Ainsi, à Butaré, Kigali, Kabgaï, Gikongoro, dans les camps de réfugiés
de Goma et Bukavu, les deux évêques français ont-ils tenté de mesurer
l'ampleur de la tragédie du Rwanda, de soutenir les efforts du clergé,
des instituts missionnaires, des organismes caritatifs. Un pays « entièrement ruiné », une population qui se sent « abandonnée »,
disent-ils, faisant la liste des besoins en eau, en électricité, en
téléphone, en abris, en soins, surtout en informations « objectives ». « Car la peur, fondée sur la rumeur, domine tout. La question cruciale
aujourd'hui est bien de vaincre cette peur », estime le président des
évêques de France.
La réinstallation des réfugiés au Rwanda est encore largement un voeu
pieux. « Dans les camps, disent Mgr Duval et Mgr David, les gens
attendent des garanties. Le courant en faveur du retour n'est pas encore
passé ». S'ils se réjouissent de la mission remplie par l'armée
française dans la zone « Turquoise » (ils ont rencontré le général
Lafourcade avant son départ), ils s'inquiètent de la persistance des
racines du conflit : le problème ethnique.
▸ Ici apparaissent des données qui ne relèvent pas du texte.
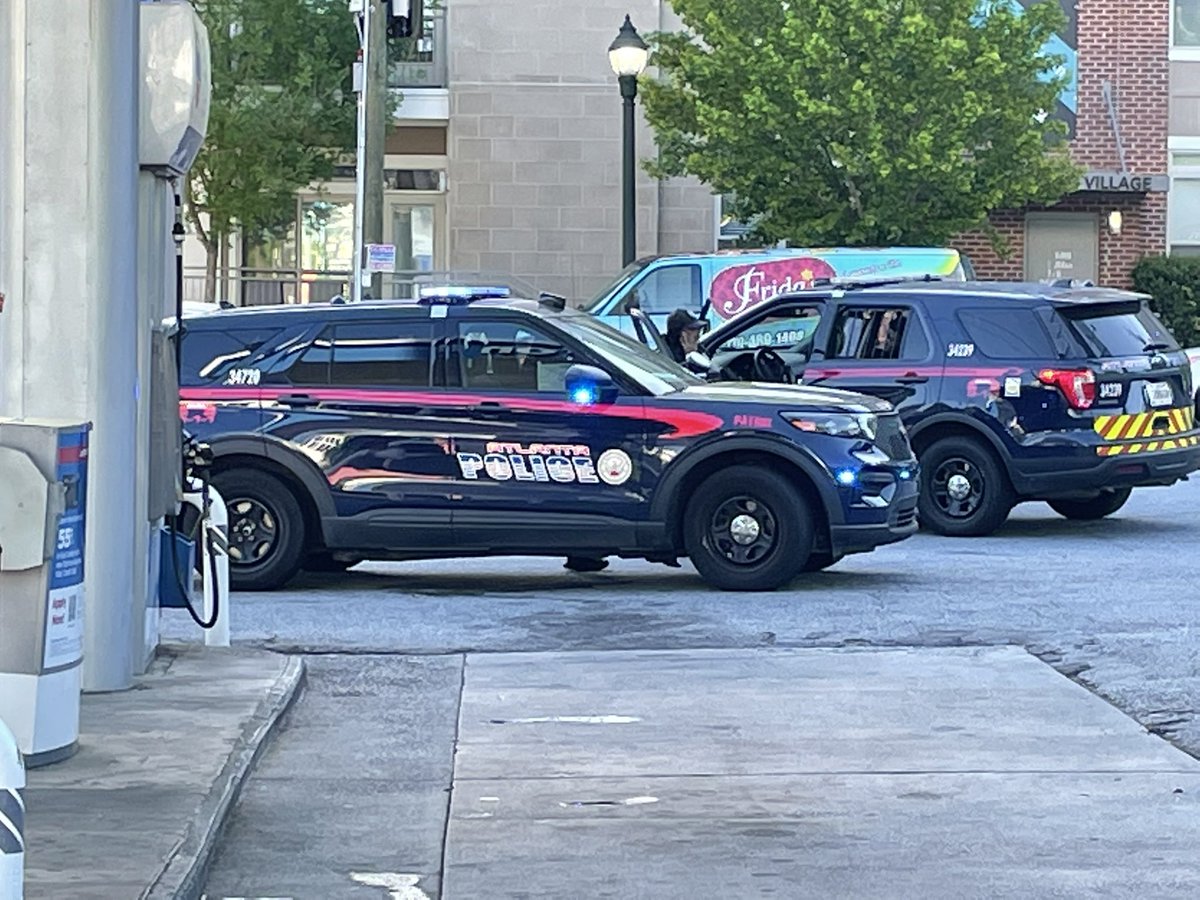 Police activity at Buckhead gas station.  1 person w injured foot. 2 other sitting in back of squad car.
La responsabilité du clergé
Car c'est lui aussi qui a brouillé les cartes au sein d'une Église qui a
sa part de responsabilités dans les origines du drame.
On a souvent présenté le Rwanda comme le pays le plus catholique
d'Afrique et la tragédie actuelle comme un échec de l'évangélisation
dans cette région. « En fait, on a exagéré la réalité du catholicisme au
Rwanda, rectifie Mgr Duval. On ne comptait pas plus d'un prêtre pour 20 000 habitants et la pratique de la messe du dimanche ne dépassait sans
doute pas 15 %. » Il ne nie pas pour autant les liens privilégiés de la
hiérarchie catholique rwandaise avec l'ancien pouvoir hutu, ni le
militantisme de l'archevêque de Kigali (assassiné le 3 juin) dans
l'ancien parti unique. Mais plus profondément, explique Mgr Duval, c'est
l'incapacité de ces évêques et prêtres rwandais, au moins pour partie, à
se définir autrement que par l'« allégeance » à leur ethnie d'origine
qui explique leur attitude passée et leur incapacité à prévenir le
drame.
Cette Église du Rwanda a payé le prix fort : trois évêques sur neuf ont
été assassinés, ainsi qu'une centaine de prêtres sur un total d'environ
700, et une centaine de religieux et de religieuses. Des missions ont
été dévastées, pillées. Cette Église « effondrée », encore divisée, est
à reconstruire et le retour sur place des missionnaires étrangers est
souhaité par les évêques français. En attendant, ce sont les secours
d'urgence qu'il faut continuer d'acheminer et la délégation épiscopale,
qui était conduite par le Secours catholique (1), a renouvelé son appel
à la solidarité « matérielle et spirituelle » la plus large des
Français.
(1) le Secours catholique (106, rue du Bac à Paris) représente en France
la Caritas-Rwanda, qui, à la demande de l'UNICEF et du Haut Commissariat
aux réfugiés, crée en particulier des camps destinés aux enfants
abandonnés.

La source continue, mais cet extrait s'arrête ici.